__STORED DATA__.
┌──

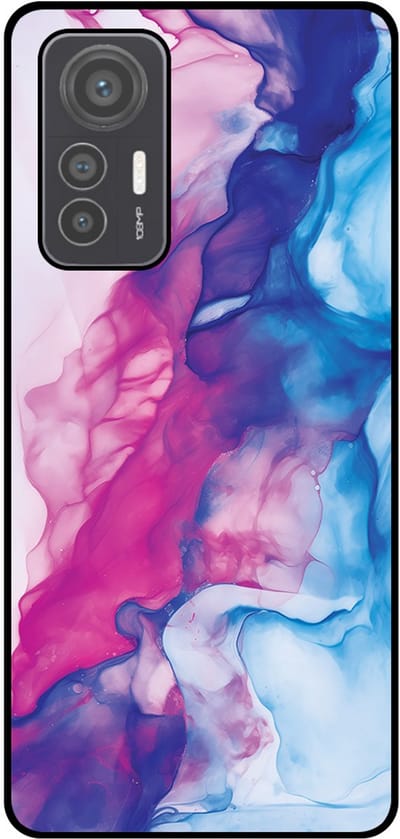 Smartphonica Telefoonhoesje Geschikt voor Xiaomi 12 Lite met Roze Blauw Marmer Opdruk - TPU Backcover Case Rose Blue Marble Design geschikt voor Xiaomi 12 Lite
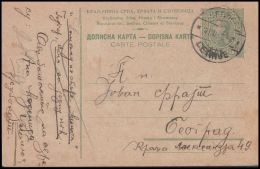 Yugoslavia 1926, Postal Stationery Cetinje  To Beograd - Covers & Documents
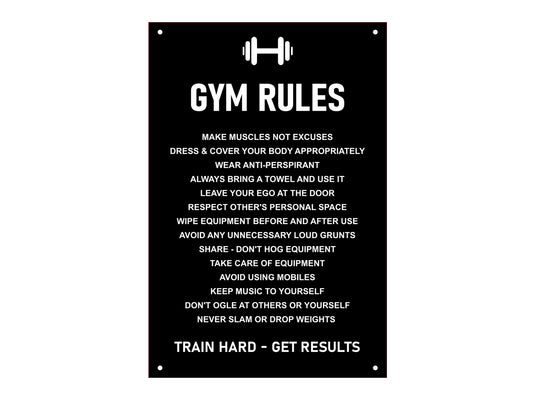 Gym Rules - Etiquette Sign Notice – by origindesigned – Signs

└──

__WHAT IS BEING ASKED__. Please repeat each line above exactly as it appears, but omit the pictures.

__RESULT__.
 Smartphonica Telefoonhoesje Geschikt voor Xiaomi 12 Lite met Roze Blauw Marmer Opdruk - TPU Backcover Case Rose Blue Marble Design geschikt voor Xiaomi 12 Lite
 Yugoslavia 1926, Postal Stationery Cetinje  To Beograd - Covers & Documents
 Gym Rules - Etiquette Sign Notice – by origindesigned – Signs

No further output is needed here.